Your instructions.
Taking the entries below, transcribe only the lines starting with the one with "Photo 11 at" and going on through the one with "Sisters_Gramophon.jpg", exactly as written, without the pictures.

Data to examine.

+ + +

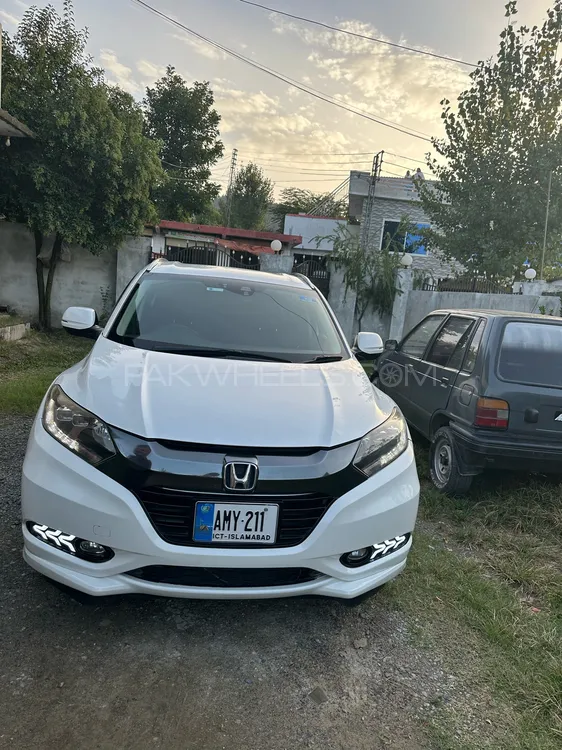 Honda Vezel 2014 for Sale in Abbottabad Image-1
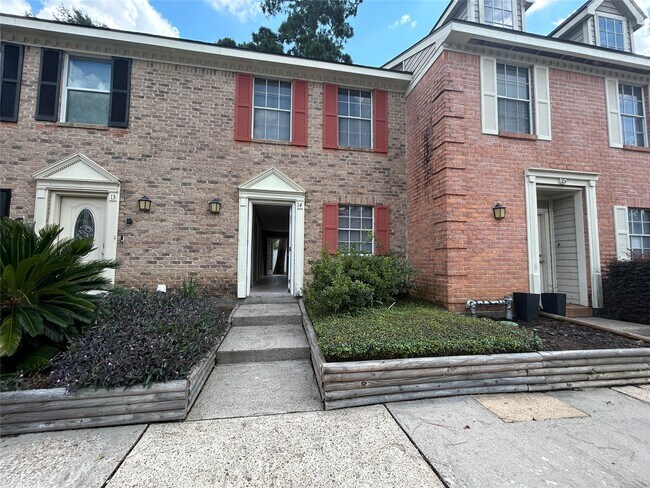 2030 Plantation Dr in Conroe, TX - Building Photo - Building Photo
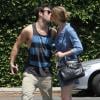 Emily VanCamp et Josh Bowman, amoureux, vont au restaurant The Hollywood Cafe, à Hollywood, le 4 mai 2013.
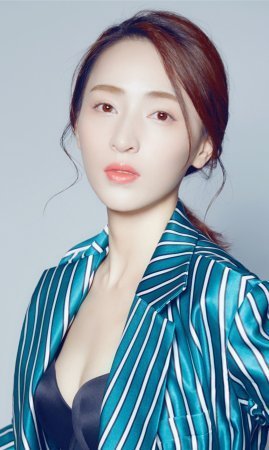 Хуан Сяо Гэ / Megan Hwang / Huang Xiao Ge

+ + +

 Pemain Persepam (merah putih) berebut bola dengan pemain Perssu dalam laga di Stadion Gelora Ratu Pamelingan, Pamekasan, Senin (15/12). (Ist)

+ + +

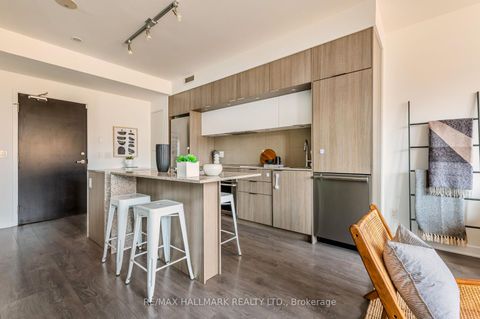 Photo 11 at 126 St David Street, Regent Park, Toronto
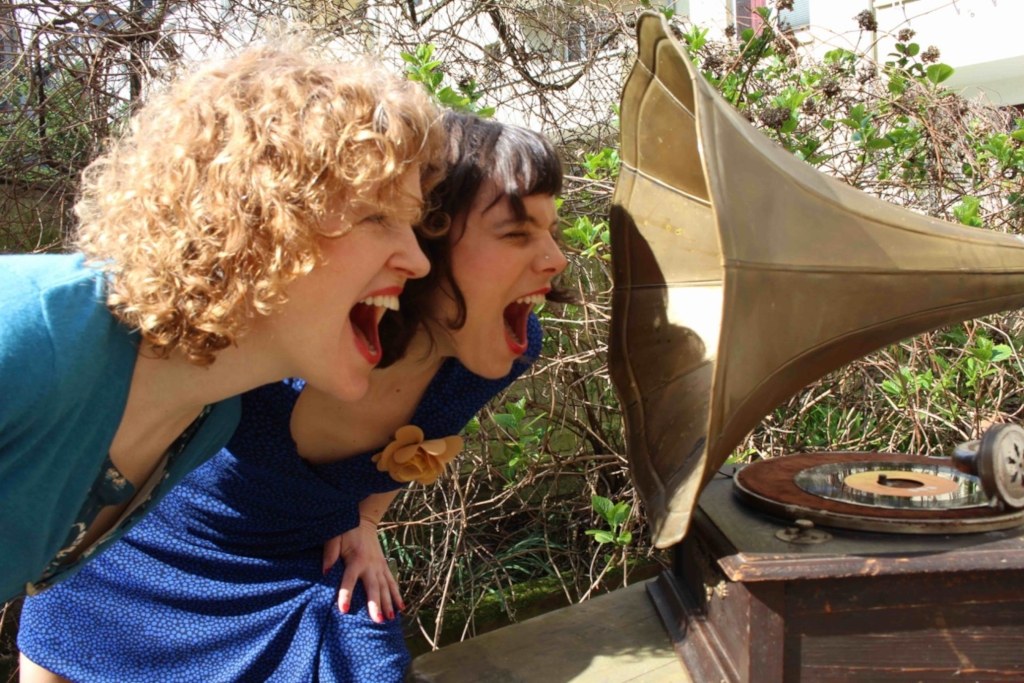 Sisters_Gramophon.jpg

+ + +

Solved problem.
 Photo 11 at 126 St David Street, Regent Park, Toronto
 Sisters_Gramophon.jpg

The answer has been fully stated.